Pourtant, même si le Kenya – ainsi que plusieurs autres pays africains, comme le Rwanda, l'Afrique du Sud et les Seychelles – a fait d'énormes progrès pour mettre à profit les opportunités de la technologie financière, il reste encore beaucoup à faire. À un moment où les économies sont de plus en plus étroitement liées et où les modèles d'affaires numériques nécessitent des économies d'échelle pour prospérer, la création d'écosystèmes de finance numérique régionaux et même mondiaux est essentielle.
La Banque centrale du Kenya joue un rôle de premier plan dans ce domaine. En collaboration avec l'Autorité monétaire de Singapour, nous apprenons à promouvoir le secteur dynamique des technologies financières – un secteur qui s'étend de l'Afrique à l'Asie.

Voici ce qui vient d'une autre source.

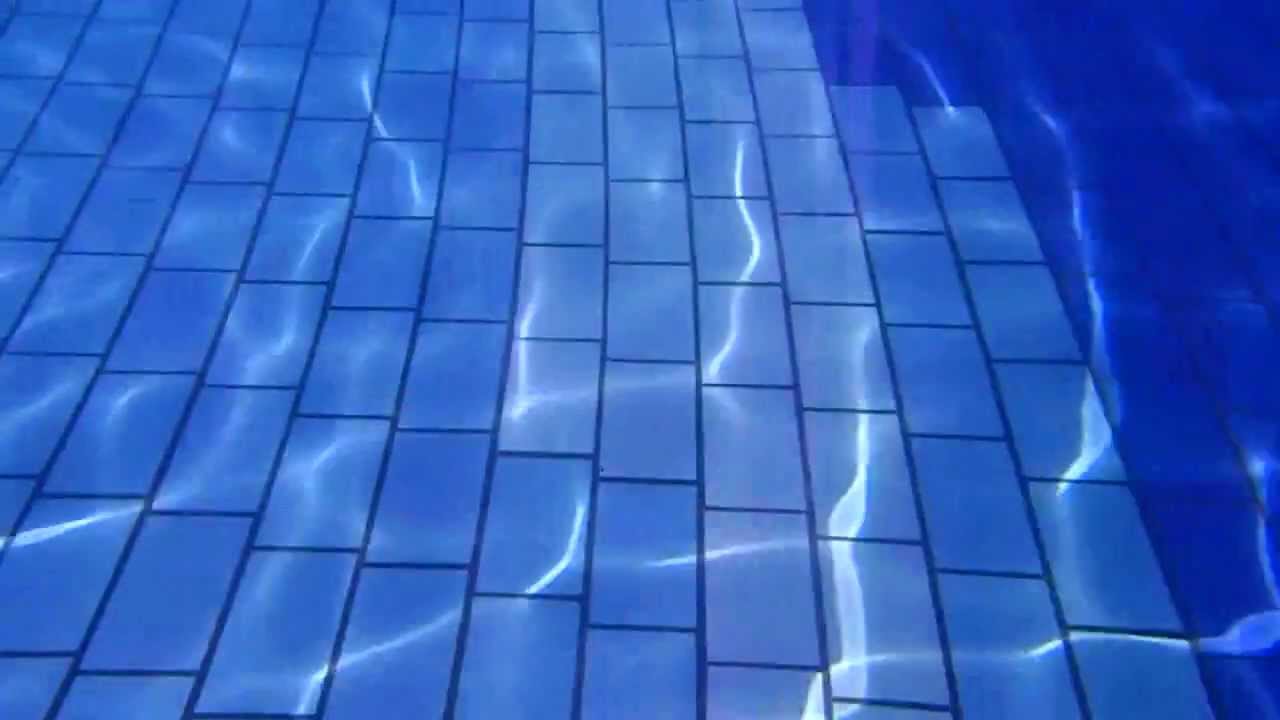 Underwater camera: Olympus TG 310 underwater video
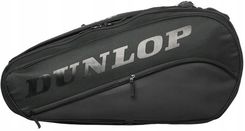 Zdjęcie Dunlop Team Thermobag 12R Black 10325376 - Siechnice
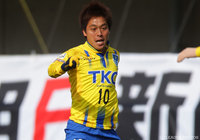 MF杉本に第一子が誕生【栃木】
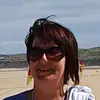 dlewisstringer - @userdlewisstringer - TikTok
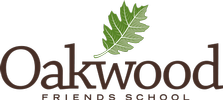 Oakwood Friends School 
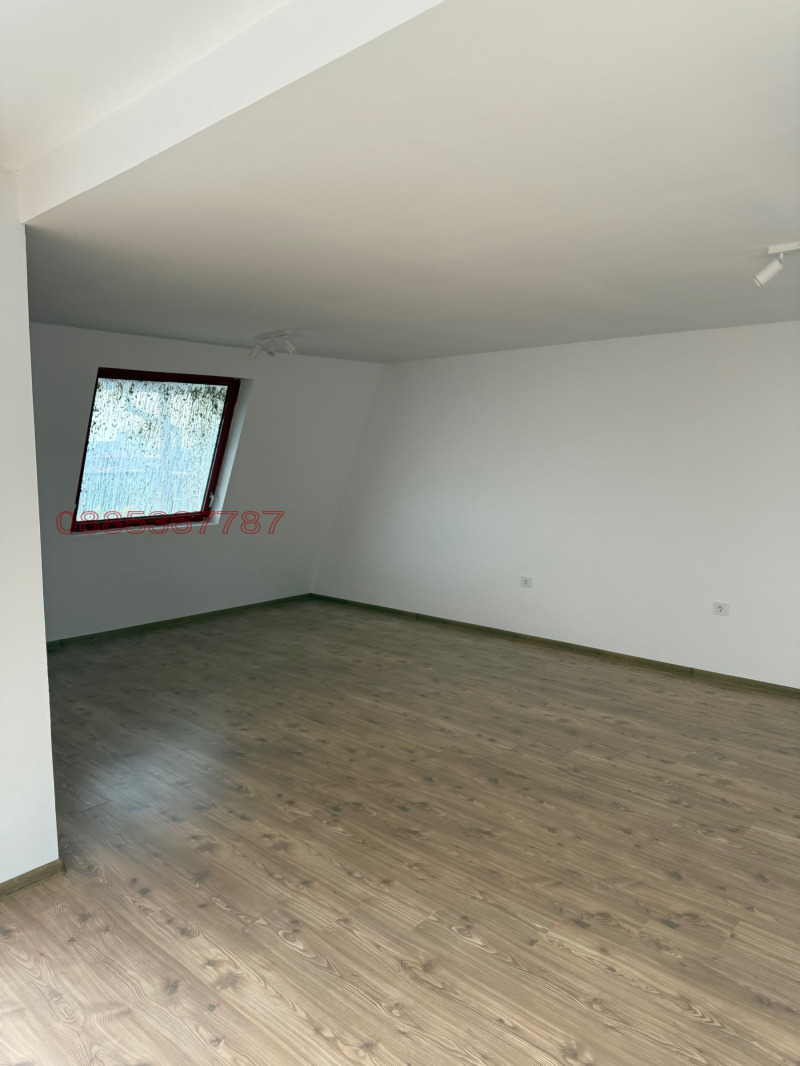 Продава ОФИС, гр. Стара Загора, Център, снимка 5 - Офиси - 52782671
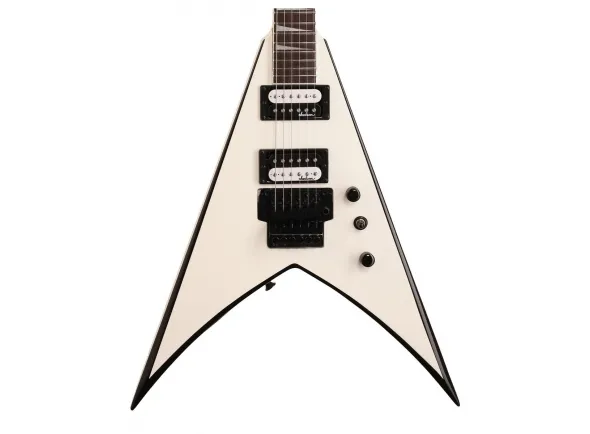 jackson-king-v-js32-electric-guitar-white-w-black-bevels_5c3390550a6f9.webp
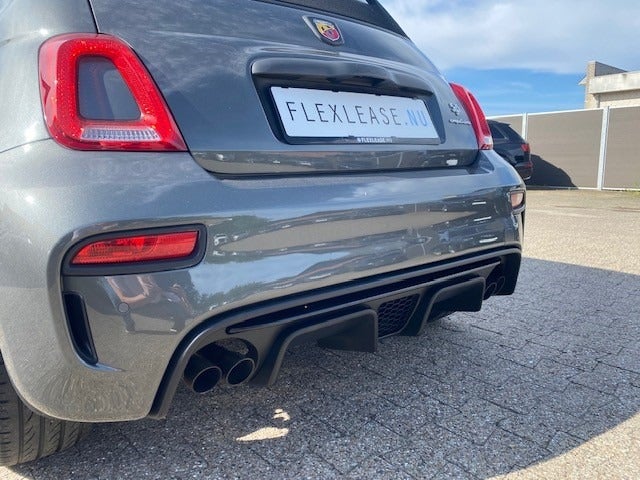 flexleasing-abarth-595c-14-t-jet-180-competizione-2d-findleasing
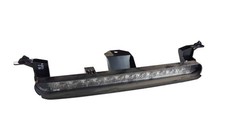 Volvo V70 2014 Hinten Dritte Bremsleuchte234 30678549 RUM34192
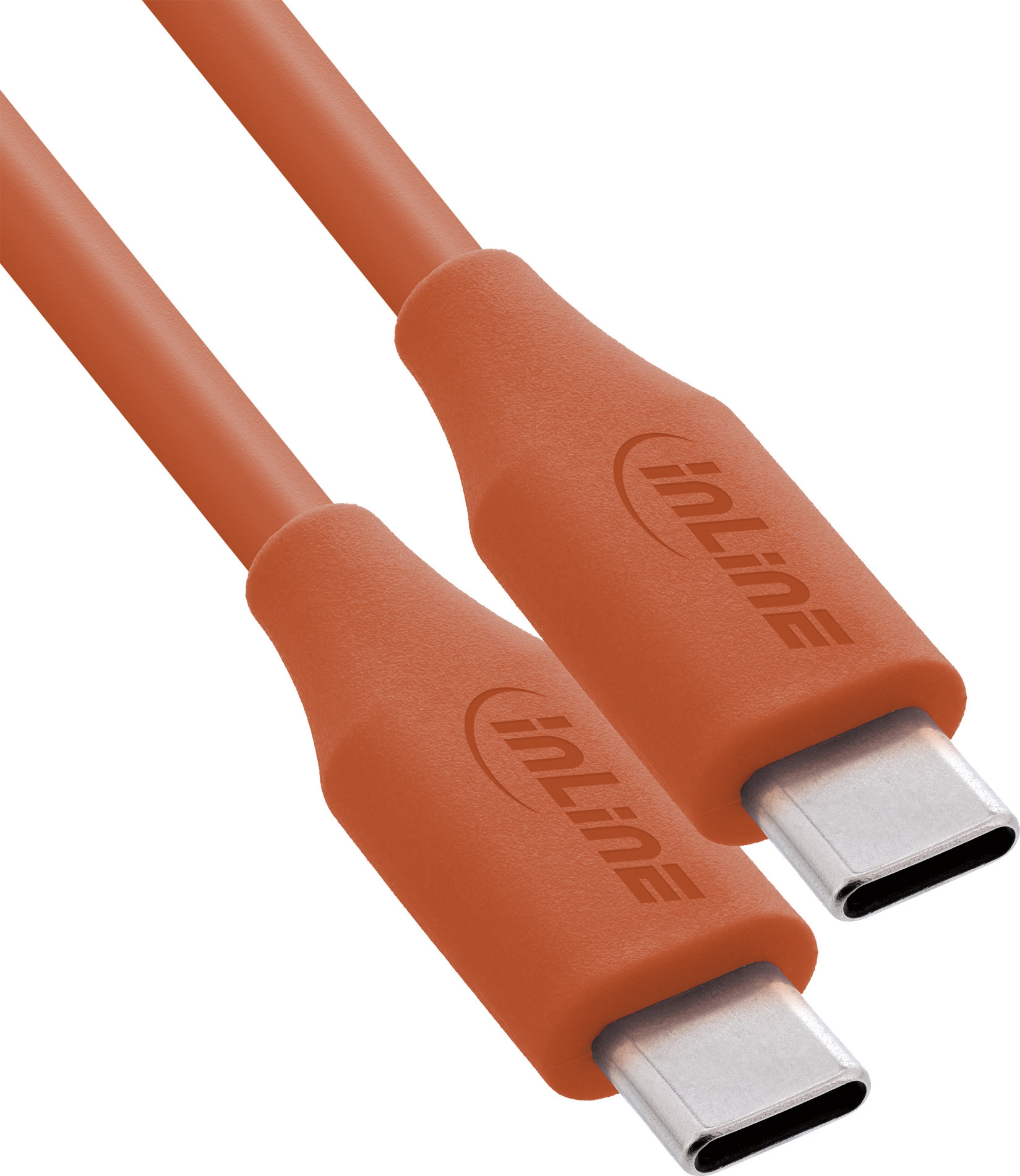 InLine USB 2.0 Kabel (35892O)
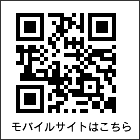 ���������ץ��� QR������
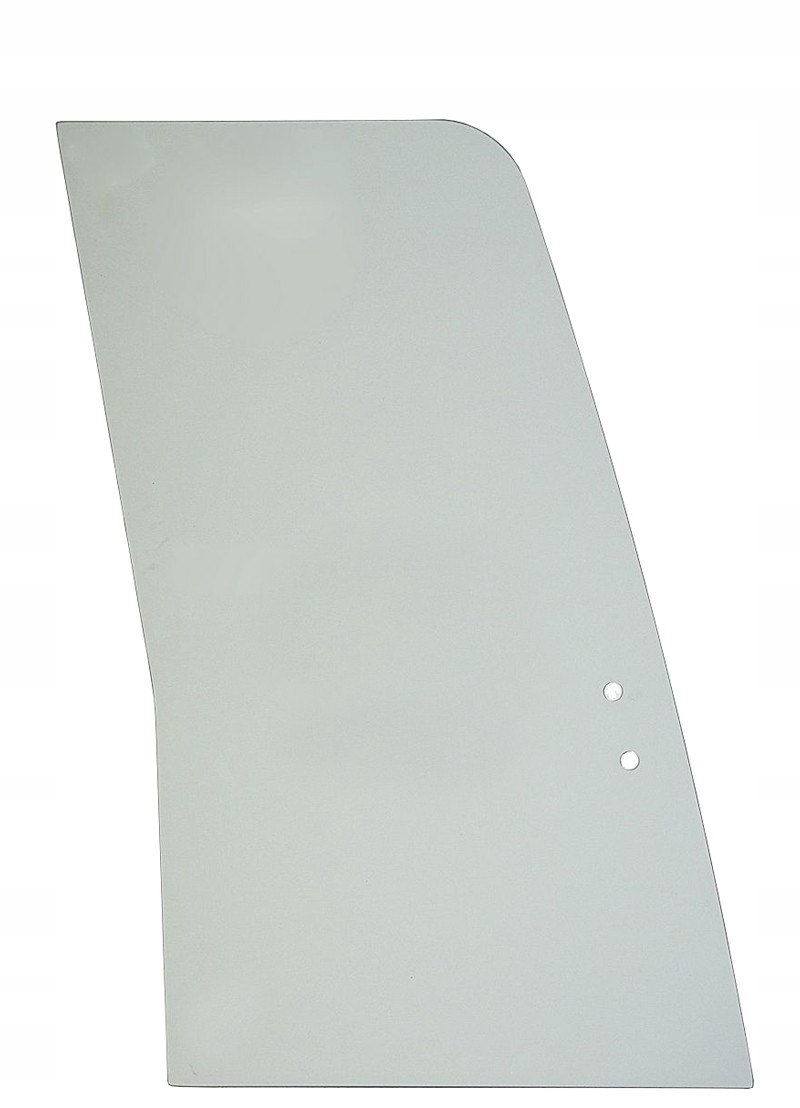 СТЕКЛО ДВЕРИ РАЗДВИЖНОЕ КРЕПЛЕНИЕ LINK BELT130X4 KHN15400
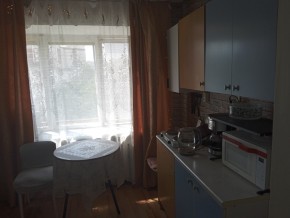 ул. 8 Марта,92 в Лобне - lobnya.yutvil.ru - фото 12 ул. 8 Марта,92 в Лобне - lobnya.yutvil.ru - фото 12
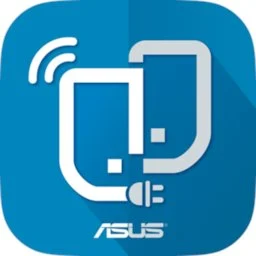 ASUS Extender apk(华硕扩展器app)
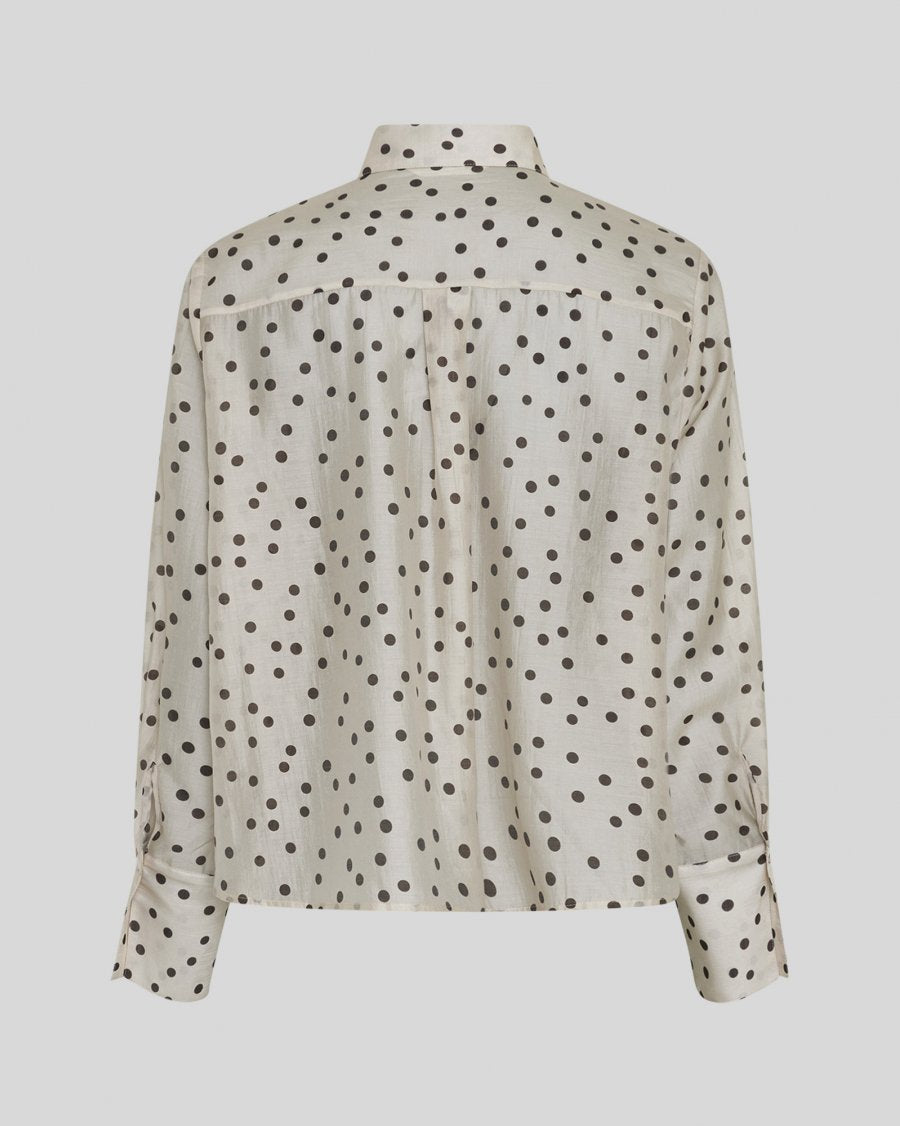 MSCHDorothea Faustina Shirt AOP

Plus ce secteur sera dynamique et étendu, mieux cela vaudra pour nos populations respectives. Après tout, intégrer les personnes précédemment non bancarisées au sein du système financier favorise directement la croissance économique et la création d'emplois décents, ce qui permet de réduire les inégalités économiques, la pauvreté et la faim. Associée à de nouvelles innovations dans le domaine de la finance numérique, une meilleure inclusion peut étendre l'accès à une éducation de qualité, à l'eau potable et à l'assainissement, et plus encore, à une amélioration globale de la santé et du bien-être.
En outre, en renforçant la capacité des ménages à épargner, l'inclusion financière crée davantage de capital disponible pour les investissements, qui peut être prêté aux petites et moyennes entreprises et permettre de financer le développement d'infrastructures vertes. Les innovations en matière de finance numérique, qui mettent en relation les personnes, l'argent et les données, contribuent à débloquer ces investissements.
Il faudra toutefois une surveillance efficace pour s'assurer que le financement numérique est véritablement au service des citoyens. Lorsque les gens ont accès au financement pour la première fois, ils courent des risques de manipulation et d'exploitation. Ceci est particulièrement vrai lorsque ce type de phénomène se produit à grande échelle, lorsque la concentration du marché augmente la puissance des grandes plateformes de finance numérique, dont un grand nombre fonctionnent déjà à l'échelle mondiale.
À moins que ces plateformes ne soient soumises à une réglementation et à une surveillance adéquates, les conséquences seront désastreuses, non seulement pour les usagers individuels, mais également pour une croissance économique durable et inclusive. Les économies en développement seraient les premières à subir ce type de revers.
La crise de la COVID-19 est une tragédie. Mais elle est également une occasion d'évoluer. Après des décennies de montée des inégalités et d'investissements non durables, nous disposons des outils et du savoir-faire pour mieux faire. La seule chose qui nous manque, c'est la volonté de nous en servir.
Patrick Njoroge, gouverneur de la Banque centrale du Kenya.